The potential difficulties that surface outside the puzzle-solving, however, can work against the game on a couple of occasions. Especially during said moments where time is a factor — getting to a certain spot before an NPC spots you — and nailing the exact number of pixels that are interactive, can result in one too many annoying fail-states. A less-forgiving hindrance than perhaps some of the character animations present in TOHU — a select number that come across as wanting to take their sweet time and just about staying on the player’s good side as a result. And as noted, for all the variety and weird imagination that the visuals provide, that same caliber of variety sadly isn’t matched by the story. A tale which tries to lead up to some key reveal yet doesn’t feel like it invests anywhere near the time or space to make such moments feel in anyway impactful. One of the game’s final scenes, meant to evoke some emotional sacrifice, falling completely flat due to how little was developed or even touched upon prior. Had the game leaned more on its narrative — or even indulged more so on the nature of its visuals — the problem might have been more damaging. As it turns out, the puzzles and stage-like orchestration of scenery make up most of the focus and it’s that priority care with the gameplay that pays off.
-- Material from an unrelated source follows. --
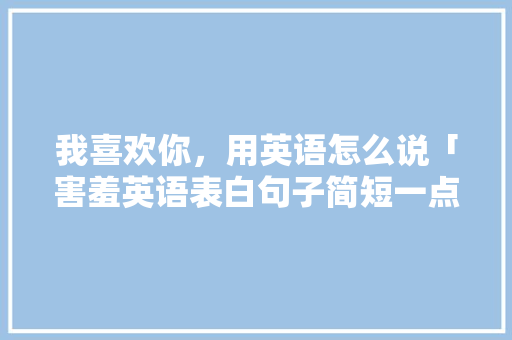 我喜欢你，用英语怎么说「害羞英语表白句子简短一点」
Despite its narrative leading to little in the way of a noteworthy tale, TOHU manages to gracefully side-step such an omission through wise understanding of its scale. Utilizing such a wild, excessive aesthetic in a way that feels earned, as opposed to unjustly forced. But in focusing specifically on the bevvy of point-and-click conundrums — as much making sure to sprinkle in more deductive puzzles along the way — TOHU isn’t just a pleasant trip through a child-like exaggeration of visuals and scenery, but crucially, does so in a way that doesn’t treat its players similarly as such young-aged audience members. Both with the way conundrums are presented, but also through its hint system that manages to give enough of an assistance, yet still trust its players to deduce the correct method forward. It may fall victim to the trappings of point-and-click’s very structure once or twice along the way, but TOHU still manages to provide a short and sweet little adventure through a surreal, at times delightful, set of circumstances.